Millennial moms prefer to research products digitally
Millennial moms are doing digital research before they go shopping, looking for ideas and comparing prices, but also looking for ways to be more efficient. They’re relying on their smartphone for the information they need. Millennial moms spend over 6 hours a day using their smartphone. According to research by Roth Capital Partners, 75% of millennial moms research products on their smartphone while they’re out shopping. They’re looking for better prices, downloading coupons and reading reviews.
But they prefer to purchase in-store
In a survey of millennial moms, 43% said they prefer to do their research digitally and then buy in-store, while 22% make their purchases online, while only 40% of millennial dads say they prefer to buy online. Moms prefer to actually see a product before they commit to purchasing it, while dads tend to want to get their shopping done and move on. In addition, moms are more likely to be bargain hunters, meaning they will research prices online for the purpose of knowing a good deal when they see it in-store.
Factors driving millennial moms to buy in-store include the desire for personal interaction, instant gratification, convenience — they routinely shop at the store anyway — hassle-free returns, and the tactile experience of touching the item before purchasing it, a factor cited by 51% of those surveyed. Factors influencing the decision to buy online involve the ability to find a better selection and convenience.
What this means for marketing
70% of moms see themselves as the primary decision maker for their family. One in five moms are a millennial and 90% of new moms are millennials. If the millennial mom is part of your target market, it’s essential to ensure that your marketing is speaking to them. Brands must create content that answers her questions and validates her decisions. Millennial moms are highly connected, using, on average, 3 different social media accounts, spending over 17 hours per week on social media sites, and using their social networks to seek and share opinions.
This means that marketers need to be creative, innovative, and tech-savvy. It’s important for brands to become thought leaders by offering relevant content that millennial moms find useful and shareable. In addition to advertising, brands must understand and embrace the importance of blogs, social media content, and videos as a way to reach millennial moms.

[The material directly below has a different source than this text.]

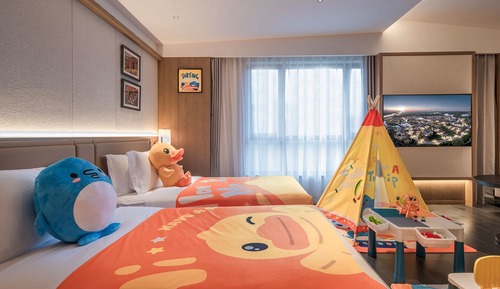 Family Twin Room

Ensure that the content on your website — your products, services, and other information — is optimized for the keywords millennial moms are searching for. Use social media to complement and enhance your online advertising and content. It’s worth the time and money to invest in targeted search and paid social media marketing that provides the ability for you to target a very specific segment of your market.
Finally, remember that not only is the millennial mom different from her own mom, she also should not be stereotyped. Millennial moms can be ethnically and culturally different from each other, and they don’t like being put into a box. Brands need to reach millennial moms where they are — usually online — and speak to them in a way that resonates with their unique characteristics.